**WHAT THE EXERCISE ASKS**
For the lines from the one with "Cabaïa Rugzak Adventurer M Louisville" to the end of the listing below, both ends included, give an exact copy and nothing more. Do not copy pictures.

**INFORMATION SUPPLIED**
══════

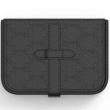  HOVER AIR X1 PU etui
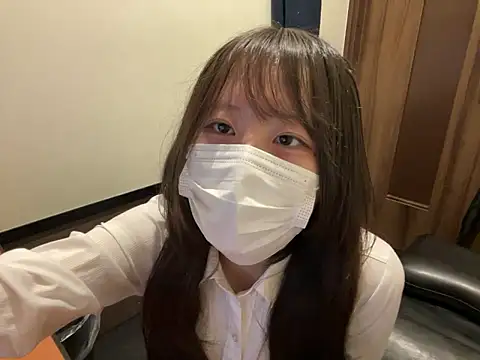 miniminimo o online show from June 20, 10:07 am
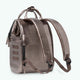 Cabaïa Rugzak Adventurer M Louisville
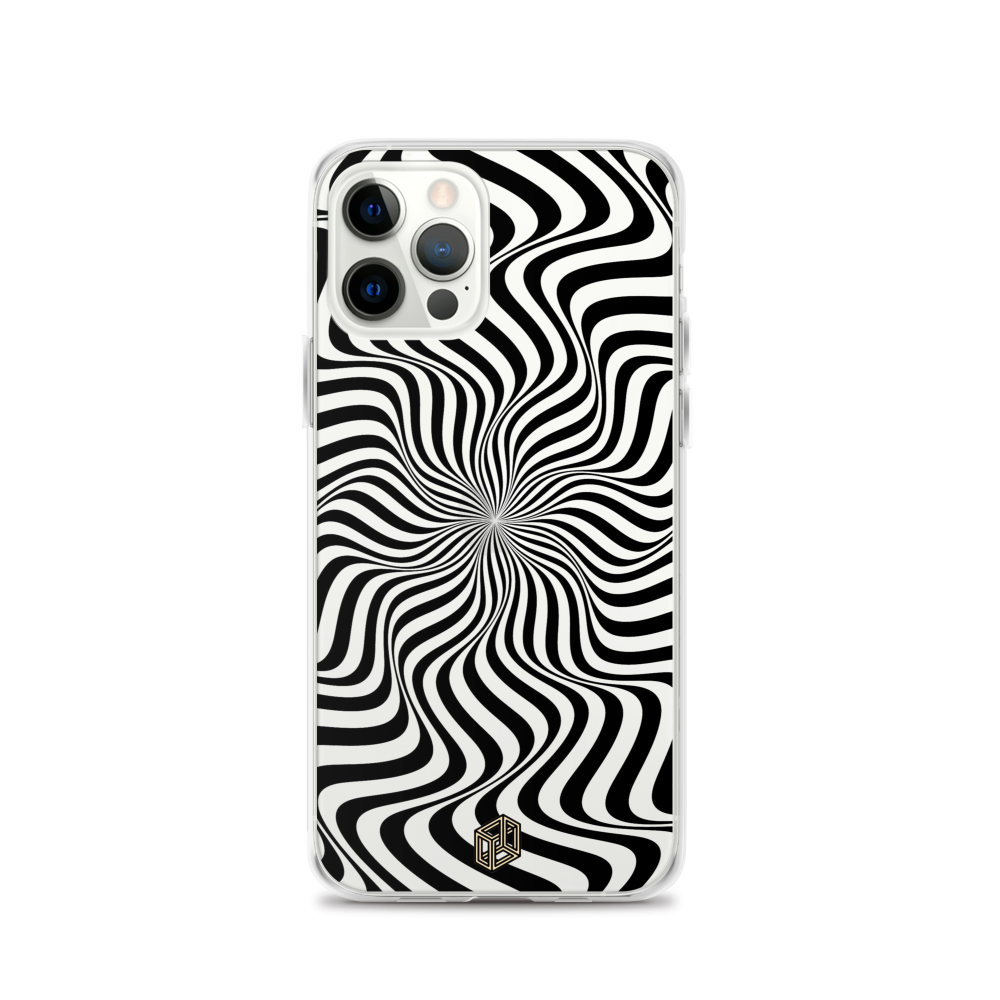 Eternal Vortex V2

══════

**OUTPUT BELOW**
 Cabaïa Rugzak Adventurer M Louisville
 Eternal Vortex V2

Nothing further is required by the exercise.